Benfeld talked about another potential improvement that the agreement would bring to the country". Those responsible for measuring the emissions today are the same companies that emit them…The treaty forces the state to oversee the emissions in sacrifice zones, and it also encourages NGOs to measure them, to get even more objective results”.

For Durán, having better access to information and participation is a tool of conflict prevention. “Committing to effectively implement those rights, far from exacerbating conflicts, will help prevent them. And there is enough experience and evidence to support this”.

International Reputation Weakens

During the session in Congress in which Allamand and Schmidt explained the reasons for not signing, the Communist Party representative Carmen Hertz spoke about the international repercussions of the government’s decision. “Chile is left in an extremely uncomfortable position. We cannot claim to have just realized that there are several problems in an agreement that we drafted”.

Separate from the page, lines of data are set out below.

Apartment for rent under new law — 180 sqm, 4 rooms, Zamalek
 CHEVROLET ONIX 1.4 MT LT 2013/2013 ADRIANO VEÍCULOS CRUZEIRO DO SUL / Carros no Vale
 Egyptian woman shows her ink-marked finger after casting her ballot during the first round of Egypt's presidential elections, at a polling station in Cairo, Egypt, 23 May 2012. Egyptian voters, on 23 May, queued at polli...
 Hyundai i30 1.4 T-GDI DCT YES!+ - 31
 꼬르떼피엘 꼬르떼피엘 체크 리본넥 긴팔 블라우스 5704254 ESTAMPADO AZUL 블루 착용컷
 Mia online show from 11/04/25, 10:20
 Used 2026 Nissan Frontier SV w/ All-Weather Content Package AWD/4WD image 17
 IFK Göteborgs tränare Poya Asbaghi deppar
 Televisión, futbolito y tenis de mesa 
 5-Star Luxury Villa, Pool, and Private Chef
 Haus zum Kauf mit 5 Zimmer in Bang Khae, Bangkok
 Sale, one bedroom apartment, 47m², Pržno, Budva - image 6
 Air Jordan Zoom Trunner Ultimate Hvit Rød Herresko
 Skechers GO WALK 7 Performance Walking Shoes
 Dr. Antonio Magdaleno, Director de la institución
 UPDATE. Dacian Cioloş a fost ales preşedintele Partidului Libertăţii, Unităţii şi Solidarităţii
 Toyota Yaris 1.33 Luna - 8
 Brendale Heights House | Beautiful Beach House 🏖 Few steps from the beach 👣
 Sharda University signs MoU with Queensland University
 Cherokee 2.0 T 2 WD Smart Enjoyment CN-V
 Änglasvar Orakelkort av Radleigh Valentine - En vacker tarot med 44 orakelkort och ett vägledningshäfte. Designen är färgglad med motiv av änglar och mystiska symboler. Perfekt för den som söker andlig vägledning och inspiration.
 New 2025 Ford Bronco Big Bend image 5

The president of the Commission of Foreign Relations, Jaime Naranjo, agreed with Hertz and questioned the decision. “Where is the credibility of our country? We are giving the image that we act in one line and then take direction in an opposite one”.

Being an international jurist, Durán thinks that this decision will even cost legitimacy to the country’s future commercial negotiations. “How will other countries keep on negotiating important commercial agreements with us if we disembark at the last minute?”

Hope That A Future Administration Will Sign

The final date to sign the agreement and be one of the founding members is Sept. 26, but countries can still join afterward. Durán thinks Piñera’s government will not sign the treaty, “but I’m sure that another government will, because it is consistent with our foreign policy”.

Benfeld thinks that the longer the signature is delayed, the more damage is done to the communities. “Not signing on Sept. 26 means the postponement of the delivery of the fundamental rights that are being violated today. Each day that passes is another day of uncertainty for people who live in sacrifice zones and have no idea what they are breathing”.

The agreement currently has 22 signatures, and 9 ratifications; 11 of the latter are required for the treaty to come into force.